World Suicide Prevention Day 2020 also marks five years since the launch of the NO MORE Suicide strategy across Cheshire & Merseyside and there have been many successes and steps forward in the work to ensure all can remain safe from suicide.

The NO MORE Suicide Partnership Board brings together representatives from sectors including emergency services, suicide prevention charities, mental health trusts, HM prisons, public health and more. Through the Board’s effective collaborative working, Cheshire & Merseyside has rolled out extensive measures to prevent suicide, ensure safer care within health and care services and provide support after suicide.

Earlier this year Cheshire & Merseyside had confirmation that they had received the Suicide Safer Communities Award from Living Works in Canada – becoming the first region in the UK to receive the award.

Further support

In addition to the Stay Alive app, 24/7 help and support is available across Cheshire & Merseyside to help people struggling with their mental health. The helpline number –   0800 051 1508 – is for adults, children and young people.

Samaritans – A safe place to talk 24 hours a day about whatever is troubling you Call 116 123 or visit the Samaritans website.

Papyrus – For Children and Young people under 35 who are experiencing thoughts of suicide or anyone concerned that a young
Call 0800 068 41 41 www.papyrus-uk.org

Amparo – Support for anyone affected by a suicide.Call 0300 088 9255 or visit https://listening-ear.co.uk/amparo/

SOBS (Survivors of Bereavement by Suicide) – meeting the needs and overcoming the isolation experienced by people over the age of 18 who have been bereaved by suicide. Find out more by calling 0300 111 5065, emailing support@hotmail.com, visit the website or follow on Twitter.

Knowsley CAMHS Services offers advice and support for people aged up to 18 and can help with lots of problems or worries such as if you’re feeling depressed, not enjoying food, feeling panicked or scared, having trouble concentrating, or having problems with your family life. Find out more by calling 0151 489 6137.

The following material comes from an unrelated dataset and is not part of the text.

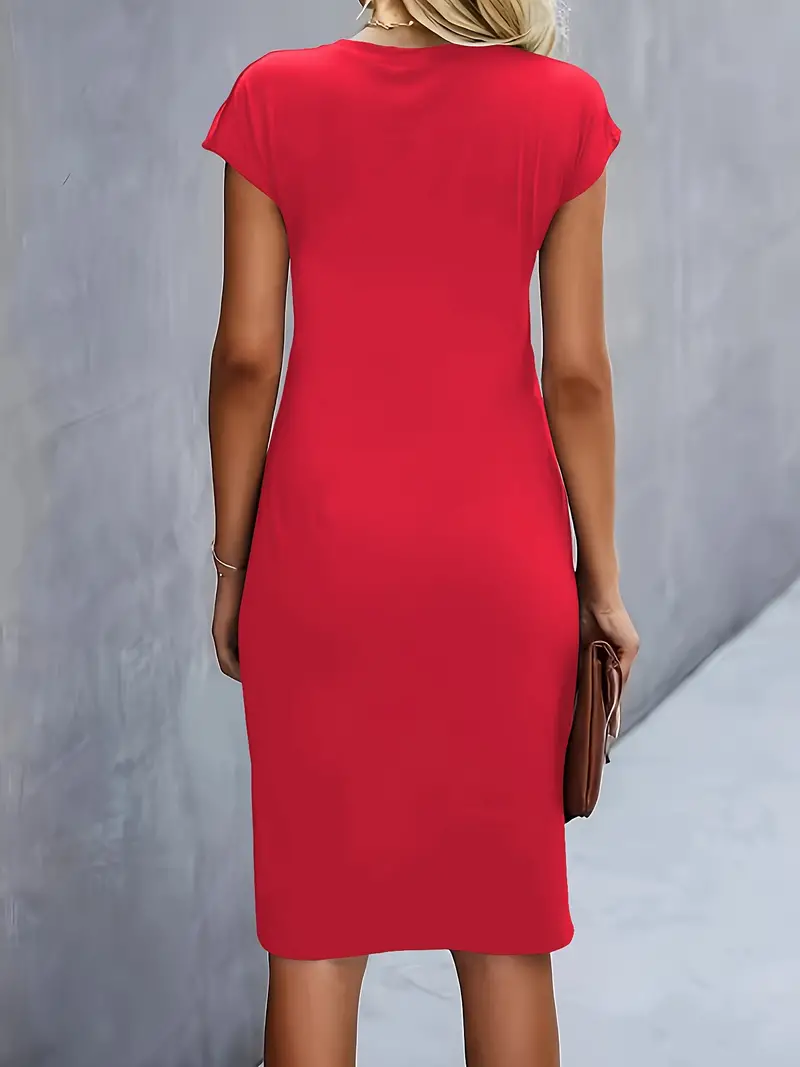 Damen Sommer Drapiert Elegant Bodycon Midikleid
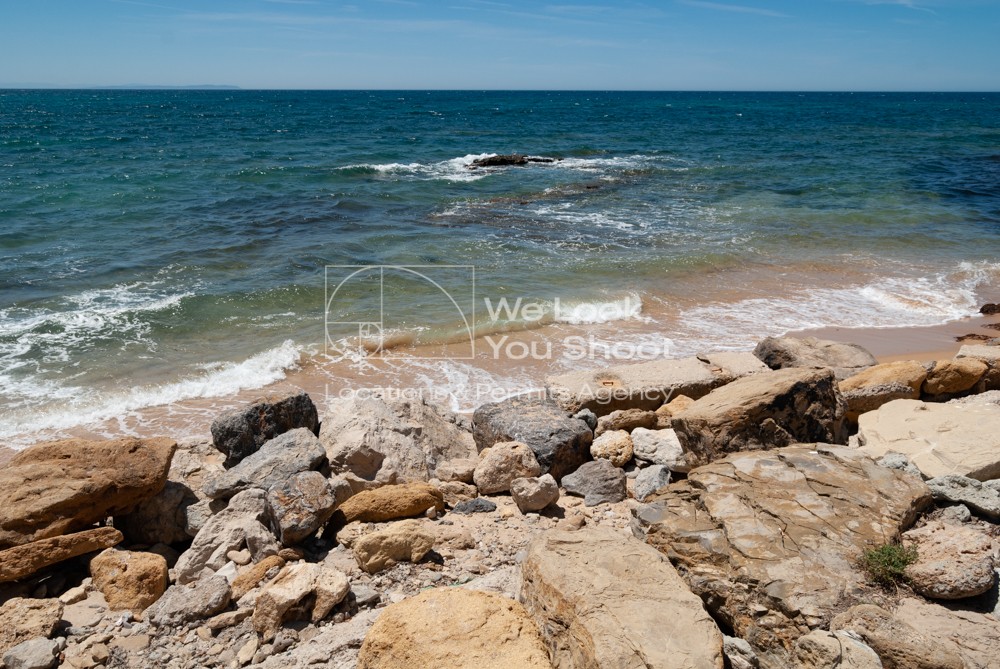 playa, arena, dorada, rocas, agua, cristalina, mar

Kooth provides online and face to face counselling, information, advice and support for young people in secondary schools. Find out more on Kooth’s website.

Think Wellbeing Knowsley offers support to Knowsley residents with common mental health problems such as anxiety or depression, helping them to change the way they feel by changing the way they think.  A number of online and face-to-face options are available and you can find out more by visiting the Think Wellbeing website.